Je suis à la pharmacie, avec cette connasse de pharmacienne qui ne comprend pas ma langue. J'ai essayé en chinois, mais elle ne comprenait toujours pas. Je vois les vitamines en rayon, juste derrière elle. Bon, j'en ai ras-le-bol de patienter, je saute par-dessus le comptoir, et les prends. Je lui colle dans les mains.

-Vous ne voulez pas que je les encaisse aussi ?

Elle me lance un regard noir et tape le prix sur sa machine. Bah voila. Elle met le tout dans un paquet et me le tend.

-Cinquante dollars.

Je suis en train de m'étouffer avec mon chewing-gum.
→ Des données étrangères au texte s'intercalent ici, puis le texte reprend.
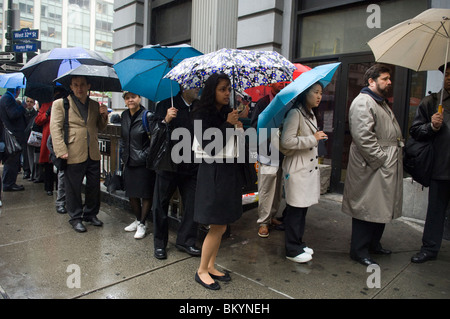 Le persone in cerca di lavoro linea fino ad un processo equo, sotto la pioggia, in Midtown a New York il Mercoledì, 12 maggio 2010. ( © Francesca M. Roberts). Foto Stock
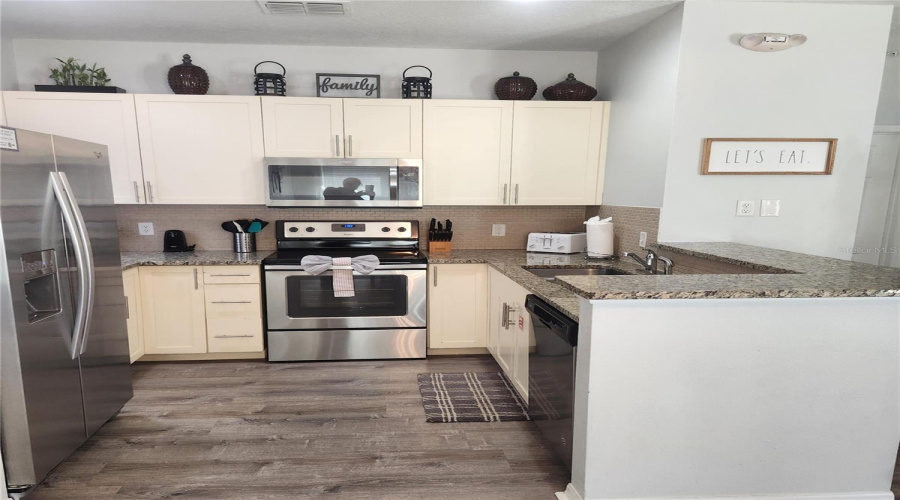 Kitchen with all Stainless Steel Appliances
Merde il est coincé dans ma trachée. Je tousse un grand coup et le souffle dans la poubelle juste à coté. Je sors un billet de cinquante et lui tend. Même si elle ne le mérite pas.

Je me promène dans un petit magasin de bouffe bio. Tout à l'air dégoutant. Mais bon, tous les autres magasins sont fermés. Je m'approche des fruits et légumes, et prends un peu de tout, bananes, pêches, radis, tomates, pommes de terre, carottes, kiwis, citrons, pommes, courgettes et concombres.

Ça ira pour aujourd'hui. Je me dirige vers la caisse pour payer, et attrape deux pots de pâte à tartiner bio. C'est peut-être bon. Même si je suis presque sûr du contraire.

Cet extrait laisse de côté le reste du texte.